The entire package of raises - which the Globe reviewed yesterday and will be publicly unveiled today - would cost $13.3 million a year. The proposed hikes were based on a systematic review of salaries paid to top officials in states across the country.

But the very politicians who would benefit said yesterday that they would not endorse the proposal. With the state facing a budget deficit of more than $1 billion, home foreclosures rampant, and gas prices topping $4 a gallon, it would send the wrong message, they said.

House Speaker Salvatore F. DiMasi, who earns $93,237 a year, said in a statement that he, Patrick, and Senate President Therese Murray have agreed that "given the state of the economy and the Commonwealth's ongoing budget deficit, any salary increases of this kind will be put on hold."

"Base salary increases of this kind simply cannot be considered at a time when so many worthy state programs and initiatives must be level-funded or cut," said DiMasi, who had to sharply curtail his law practice when he became speaker in 2004. The board plan would have raised his salary to $159,100.

The initiative for the compensation review came from the legislative leadership. Patrick, whom aides said was always cool to the idea of pay raises, was out of state yesterday, but Lieutenant Governor Timothy P. Murray echoed the speaker's statement.

"With the concerns relative to the current economy and an already $1.3 billion structural state budget deficit, now is not an appropriate time for us to agree to an increase in compensation," said Murray, whose salary would increase from $124,920 to $148,714.

The rejection by the legislative leadership and the governor kills for now the work the Board of Compensation has been doing for the past six months. Members of the special panel declined to comment yesterday. Paul Guzzi, president of the Greater Boston Chamber of Commerce and cochairman of the panel, said the proposals are embargoed until this afternoon when the board holds a news conference in Boston.

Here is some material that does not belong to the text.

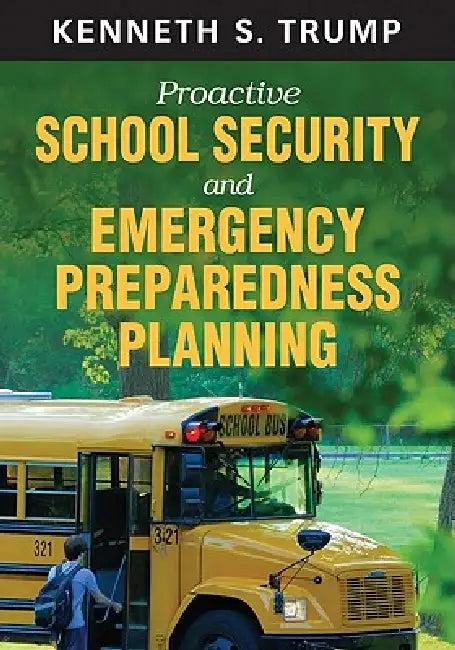 Proactive School Security and Emergency Preparedness Planning (English, Kenneth S. Trump)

A major concern among Beacon Hill leaders was the spark that such raises would give to the petition drive to repeal the state's income tax, which provides 40 percent of the revenues for the budget, according to sources who have been in discussions with political leaders. A coalition led by the state's Libertarian Party leaders say it has gathered enough signatures to qualify for the November ballot. The repeal question was barely defeated in 2002.

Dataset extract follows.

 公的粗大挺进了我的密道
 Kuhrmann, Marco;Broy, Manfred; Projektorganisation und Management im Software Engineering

The compensation panel has been keeping its recommendations under tight wraps, but the Globe has been briefed on some of the details of its report. Under its recommendations, other constitutional officers would also be given significant raises. The attorney general's pay would move from $133,644 to $159,100, and the secretary of state and state auditor's salaries would go from $130,916 to $155,852. Judges, who were given a raise to $129,694 from $112,777 in 2006, their first increase in six years, would be given automatic cost-of-living raises along with the jump of their salaries - to $160,000.

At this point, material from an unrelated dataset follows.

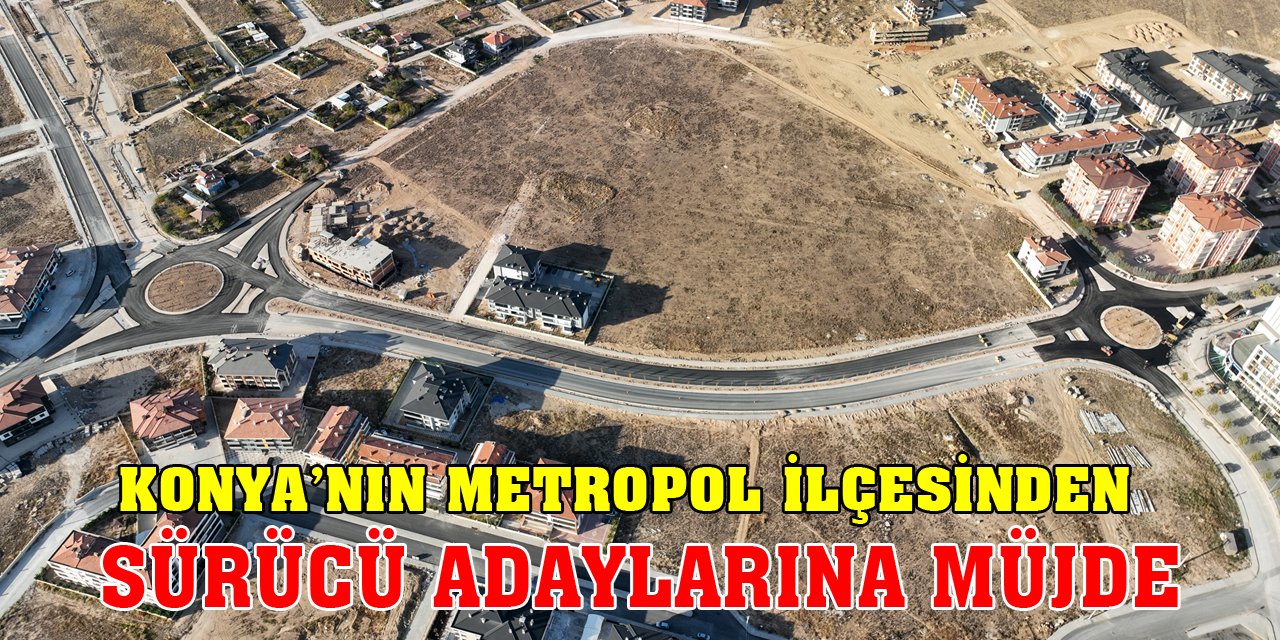Konya’nın metropol ilçesinden, sürücü adaylarına müjde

As some details have leaked, clerks of the courts - whose salaries and the wage of their assistants for years has been about 81.5 percent of judges' salaries - were gearing up to battle the plan because it would break that formula and allow judges to outpace their raises.

Daniel J. Hogan, clerk magistrate of the Boston Municipal Court who heads the state's clerks association, said his group would strongly oppose any "decoupling" of their salaries from judicial pay levels.

"I would be very disappointed if that is their recommendation," he said. "That would be a bit beyond the scope of the committee."

The clerks, with their patronage hirings and control of court proceedings, wield a huge amount of influence over lawmakers, almost all of whom have one or more district court in their legislative districts.

In addition to Guzzi, other members of the compensation panel include: Nova Costa, managing director of Salary.com; Stephen Crosby, dean of the McCormack Graduate School of Policy Studies, University of Massachusetts at Boston; Pamela Wilmot, executive director of Common Cause/Massachusetts; and Thomas Kochan, professor of management at MIT's Sloan School of Management.